• What you need to do: Beginning with the line below that contains "1915 Hillside Court, Van Alstyne, TX 75495" and ending with the line that contains "Серый Шкода Фабия, объемом", retype every line exactly. Pictures are not copied.

• Source material:

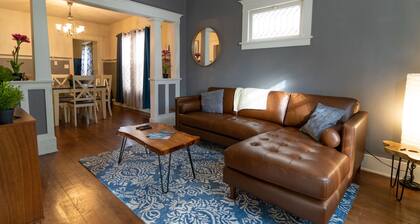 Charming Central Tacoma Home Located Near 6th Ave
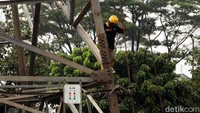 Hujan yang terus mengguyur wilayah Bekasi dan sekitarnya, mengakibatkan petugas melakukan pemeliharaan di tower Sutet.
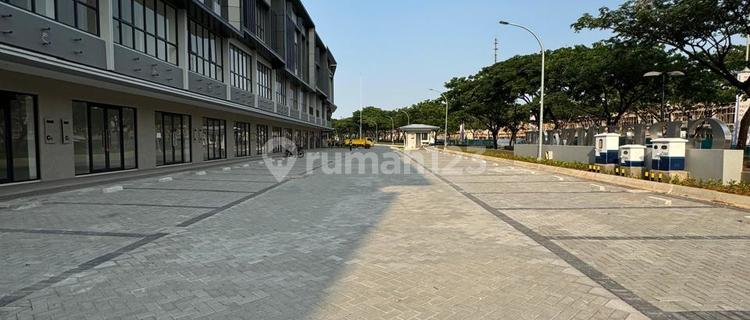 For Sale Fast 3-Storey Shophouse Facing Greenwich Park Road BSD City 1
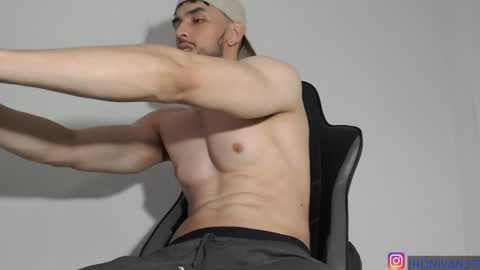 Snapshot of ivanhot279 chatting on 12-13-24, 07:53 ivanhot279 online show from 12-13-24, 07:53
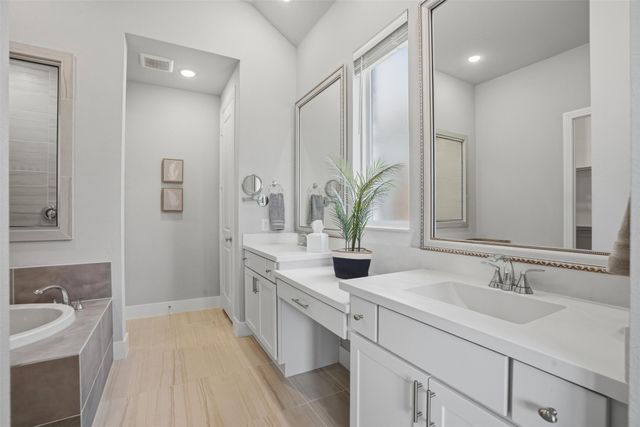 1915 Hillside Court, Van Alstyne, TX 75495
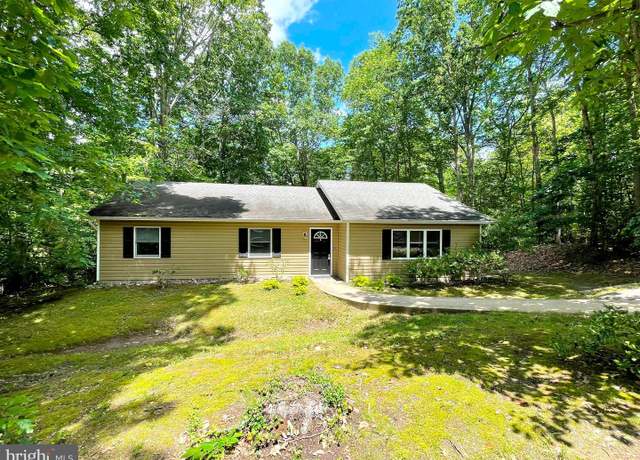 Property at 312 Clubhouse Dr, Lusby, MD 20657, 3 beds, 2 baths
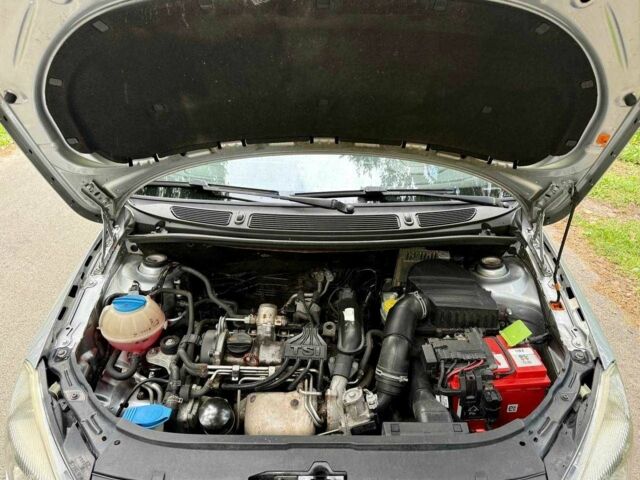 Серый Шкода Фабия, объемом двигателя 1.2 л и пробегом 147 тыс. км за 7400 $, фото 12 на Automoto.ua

--

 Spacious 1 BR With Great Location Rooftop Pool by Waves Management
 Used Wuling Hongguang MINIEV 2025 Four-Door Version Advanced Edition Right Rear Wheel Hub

...

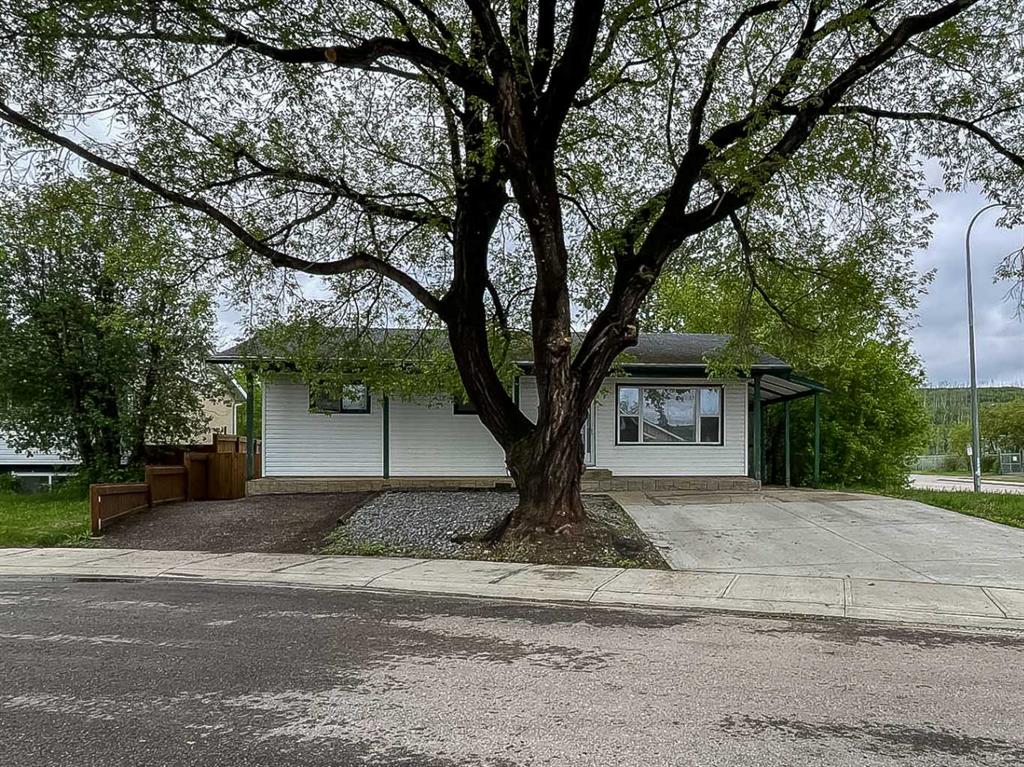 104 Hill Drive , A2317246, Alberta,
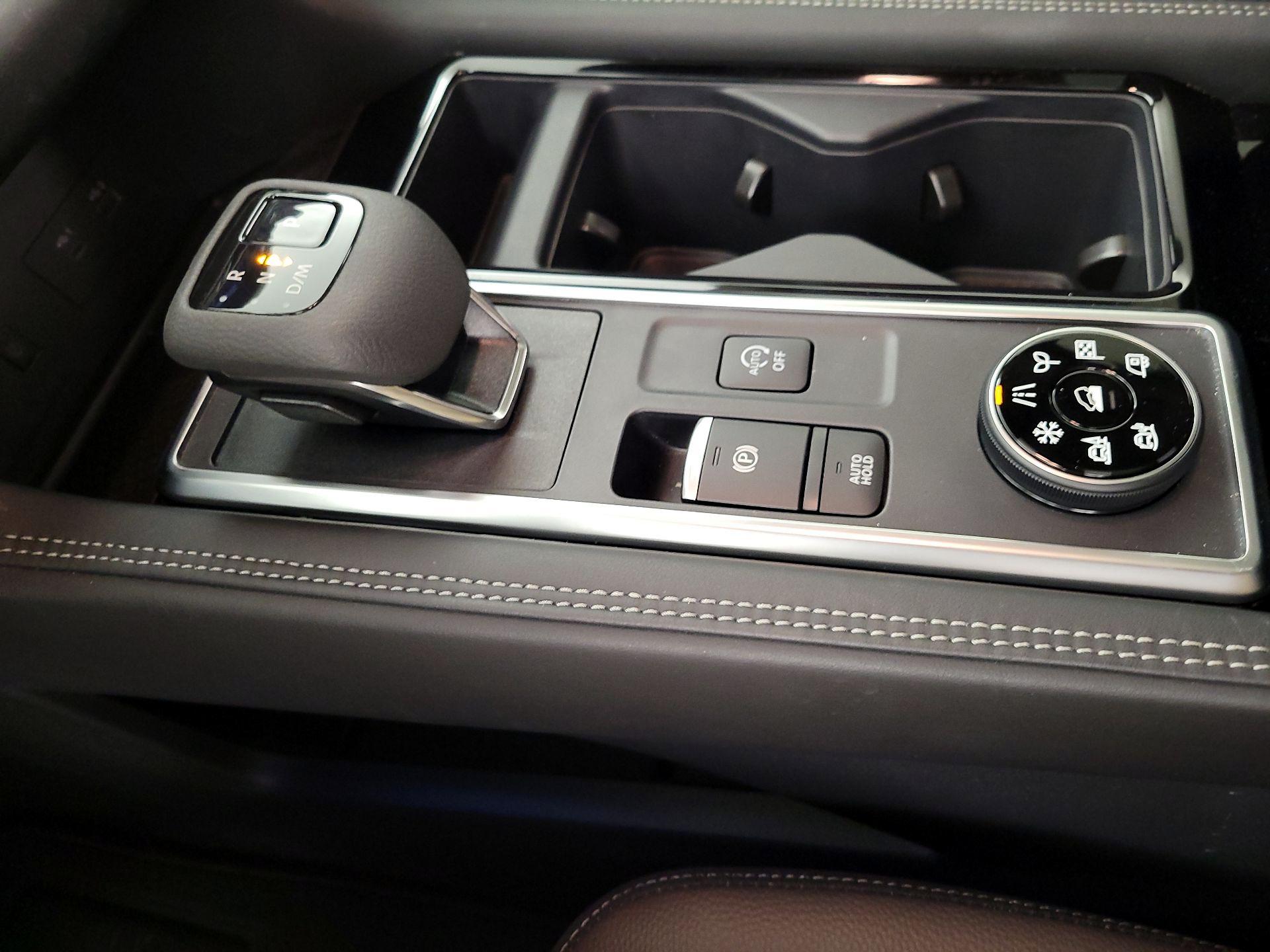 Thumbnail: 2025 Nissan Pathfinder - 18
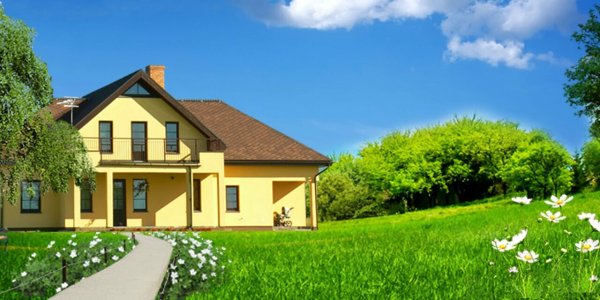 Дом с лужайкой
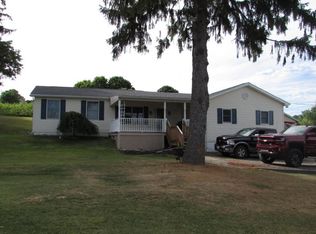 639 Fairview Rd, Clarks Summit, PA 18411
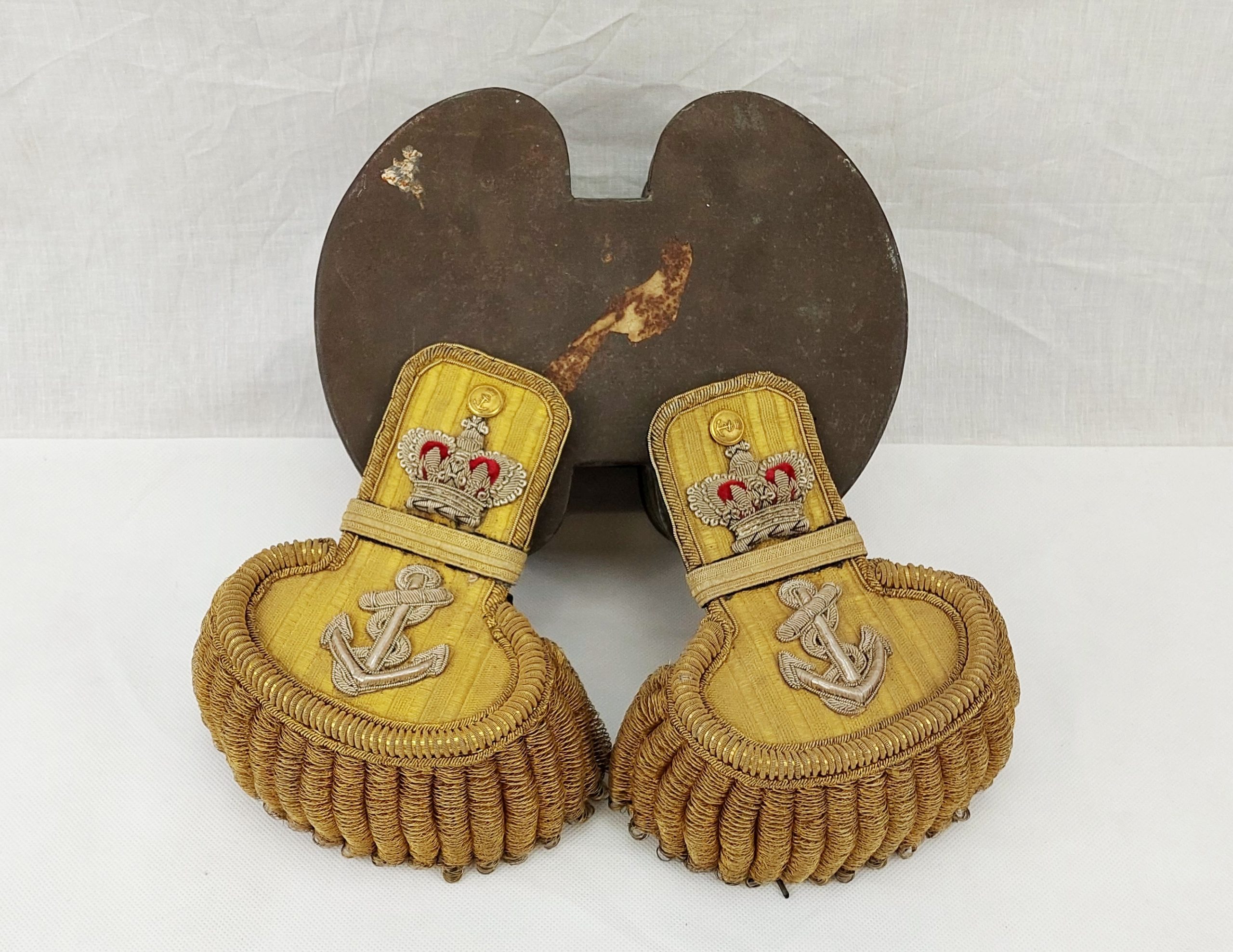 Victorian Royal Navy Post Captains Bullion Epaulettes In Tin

• Exercise solution:
 1915 Hillside Court, Van Alstyne, TX 75495
 Property at 312 Clubhouse Dr, Lusby, MD 20657, 3 beds, 2 baths
 Серый Шкода Фабия, объемом двигателя 1.2 л и пробегом 147 тыс. км за 7400 $, фото 12 на Automoto.ua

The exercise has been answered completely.